Es kommt hinzu, dass der ohnehin geschwächte Sarkozy die Frau, die die Wirtschafts- und Finanzkrise anfangs völlig unterschätzt und kleingeredet hatte und in deren Amtszeit das Außenhandelsdefizit des Landes dramatisch anstieg, wohl nur sehr ungern ziehen lassen würde. Sie ist ein starkes Gewicht in seiner Regierung.

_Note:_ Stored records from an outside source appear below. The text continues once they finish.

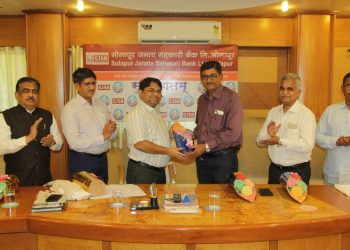 सोलापूर जनता सहकारी बँकेच्या अध्यक्षपदी सुनील पेंडसे तर उपाध्यक्षपदी ॲड. मिलिंद कुलकर्णी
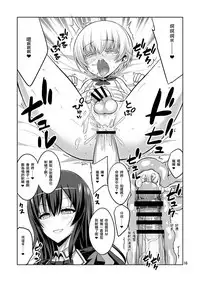 (C93) [Senya Sabou (Alpha Alf Layla)] Futanari Onee-san x Otokonoko Cosplayer AV Satsuei Hen Part 2 (Kantai Collection -KanColle-) [Chinese] [瑞树汉化组]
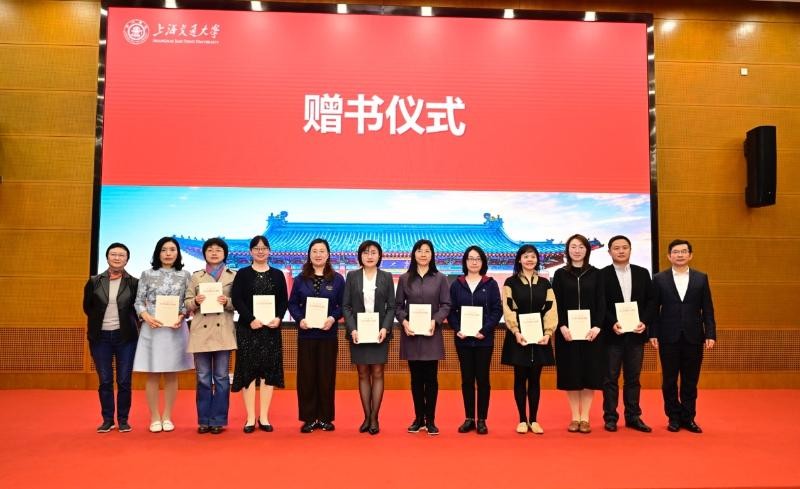 上海交通大学新时代宣传干部网络素养培训班开班
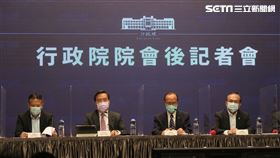 行政院會會後記者會。（圖／記者盧素梅攝影)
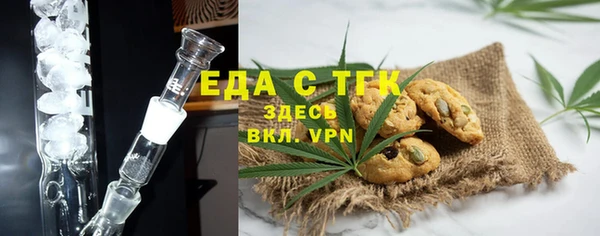 дживик Богородск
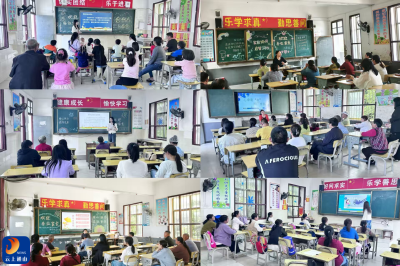 板桥小学：家校同心育桃李 携手筑梦向未来 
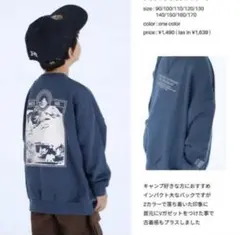 しまむら　TOOSUNDAY トレーナー　とうくん　100cmのサムネイル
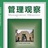管理观察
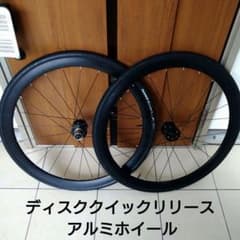 MEROCA ロードバイク ホイール クリンチャー ディスク クイックリリース MEROCA ロードバイク ホイール クリンチャー ディスク クイック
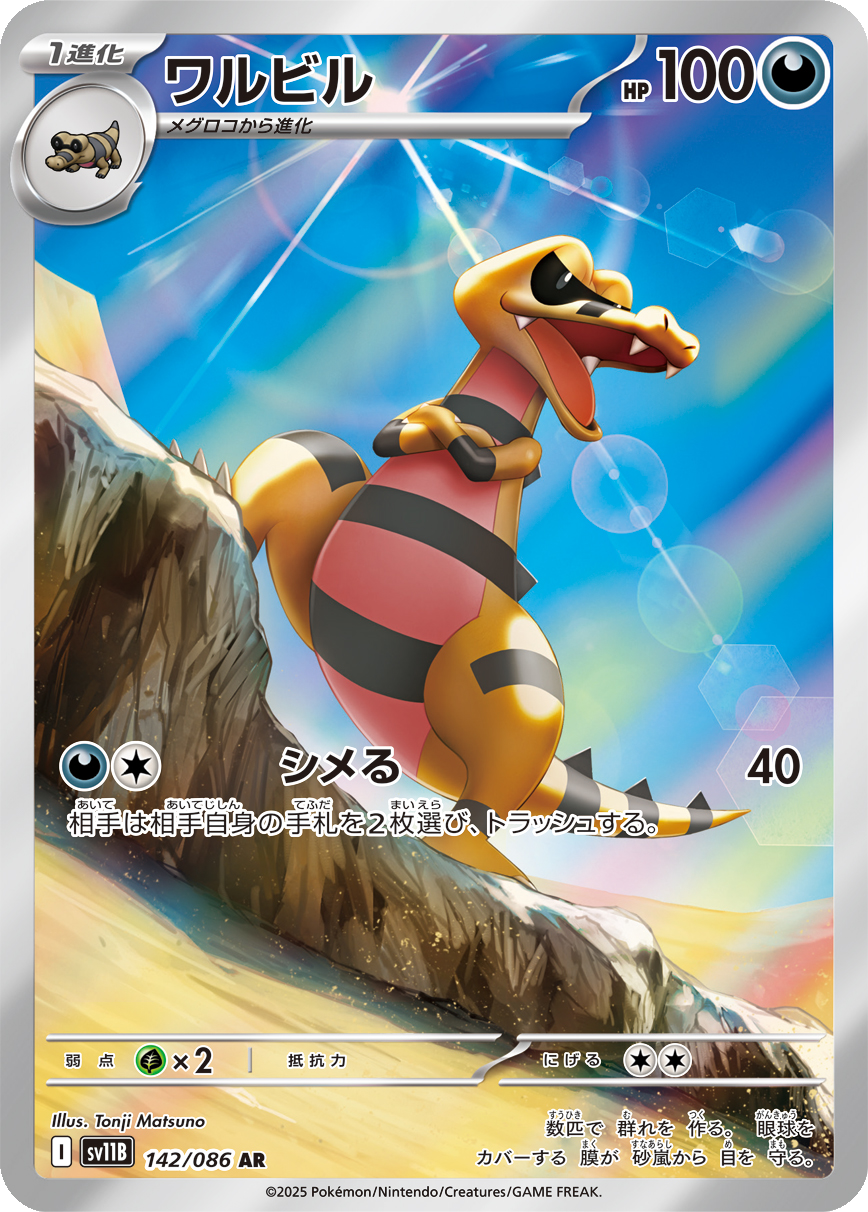 Card 142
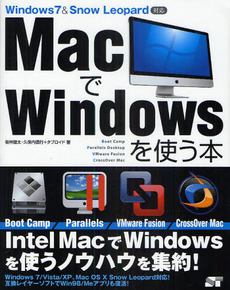 ＭａｃでＷｉｎｄｏｗｓを使う本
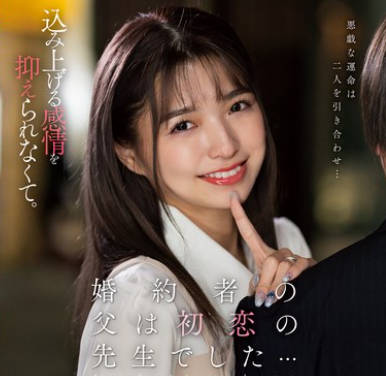 KSBJ-340 婚約者の父は初恋の先生でした… 倉本すみれ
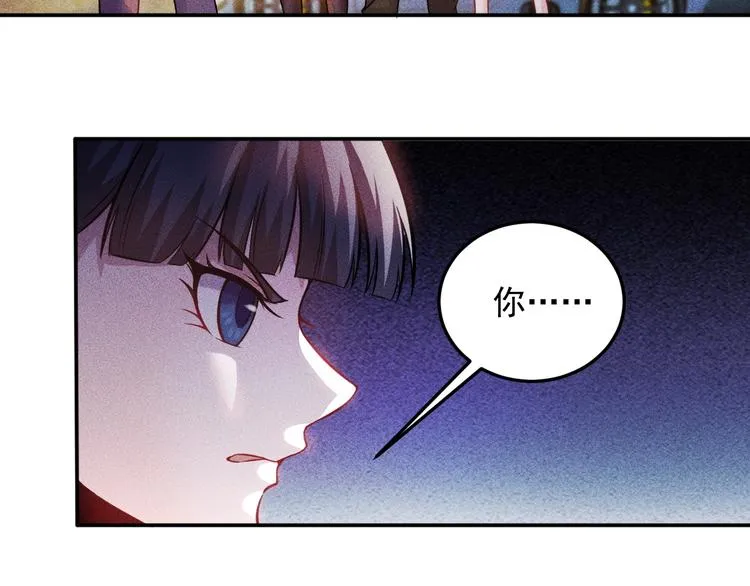 第17话 让你长个记性！ 第58页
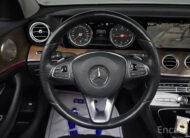 MERCEDES BENZ E-CLASS W213 E220D EXCLUSIVE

Ihre entscheidende Schwäche ist jedoch anderer Natur. Um einen 15 Jahre dauernden Rechtsstreit mit dem Unternehmer Bernard Tapie über die Umstände des Verkaufs des früheren Sportartikelherstellers Adidas zu beenden, stimmte sie – offenbar gegen den Willen ihres Ministeriums – einem Vergleich zu. Tapie erhielt 285 Millionen Euro. Es laufen Ermittlungen, ob es dabei mit rechten Dingen zuging. Beobachter in Paris sind der Ansicht, wegen der möglichen juristischen Folgen dieser Affaire komme Lagarde für den Posten des IWF-Chefs nicht mehr in Frage. Nachdem die drei letzten IWF-Chefs Horst Köhler, Rodrigo Rato und Dominique Strauss-Kahn allesamt ihre Amtszeit nicht beendeten, will man in Washington endlich einen Chef, der sein Mandat voll durchziehen kann und nicht von Vorwürfen irgendwelcher Art belastet wird. Offiziell ist Lagarde nicht nominiert. Aber anders als Deutschland hat Frankreich zur Not immer Kandidaten für internationale Spitzenposten.